The war of the Mahabharata was only 18 days
long. But what intense eighteen days! The epic is rich with extraordinary
characters, plots and events. The Mahābhārata is the longest epic poem known to
humanity. According to Wikipedia: “At about 1.8 million words in total, the
Mahābhārata is roughly ten times the length of the Iliad and the Odyssey
combined.”
And in much the same way, we can see the
unfolding furies and passions of people separating into two battle lines as 16
year old Thunberg blows the couch shell over what may be the biggest battle of
humanity—the fight over the survival of the planet itself. Tied to this battle
is humanity’s survival, and also the survival of all living forms on earth.
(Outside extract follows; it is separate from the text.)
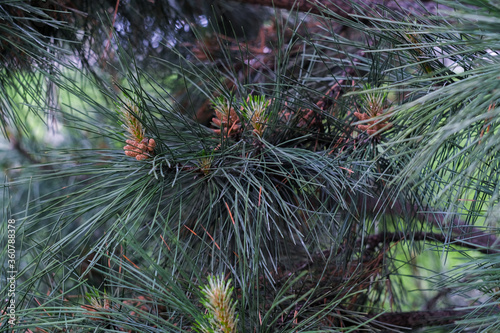 Tree branches with pines close up, macro shot, selective focus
For those who believe that their “way of
life” is at risk, and who continue to believe the leftists are using children
to make up alarmist stories to attack their lifestyles, the path forward is
clear—more fossil fuel extraction, more automobiles on the roads, endless
deforestation for palm oil, soy and beef, clearcutting of all of South America
to feed the geometrically multiplying human population. In this scenario,
poverty can only be ended when every single human eats a hamburger a day,
discards 4.6 pounds of disposable plastic each day, and drinks only bottled
water or soda out of plastic bottles. Agriculture will be increasingly “human
free,” and will be done on a war footing with computers, drones and planes
spraying thousands of hectares of land with lethal pesticides that kill every
pest (and every weed, wildflower, bird, bee, earthworm, and beetle in the
vicinity.) This is the vision of progress and affluence pushed by America,
which coincidentally also happens to have the biggest fossil fuel companies,
car companies and fertilizer and pesticide companies listed on their stock
exchanges, enriching their stockholders with this apocalyptic vision of
progress.
When Greta Thunberg took a sailboat from
Sweden to New York, she was entering the lion’s den—the city where all the
commodities erasing the planet’s lifeforms are traded. Millions of dollars
change hands in Wall Street and around New York everyday, as big finance
companies trade in palm oil, soy, beef, and timber. The lifestyles of those
trading the future security of the coming generation for their own
securities—private jets, brownstones in Manhattan, giant mansions in
Connecticut, dinners at Nobu, holiday homes at Martha’s Vineyard, private
tuition at Ivy Leagues—all depend upon coolly calculative decisions which
prioritize profit over planet everyday.
For these ruling elites, Greta Thunberg and
children like her who speak the truth are a threat. She must be brought down by
the force of public opinion, so the right-wing cavalry marched into action.
Dinesh D’Souza, right-wing extraordinaire, posted a picture of Nazi propaganda
featuring a blue eyed girl with braids and juxtaposed that with a photograph of
Greta “Children—notably Nordic white girls with braids and red cheeks—were
often used in Nazi propaganda. An old Goebbels technique! Looks like today’s
progressive Left is still learning its game from an earlier Left in the 1930s,”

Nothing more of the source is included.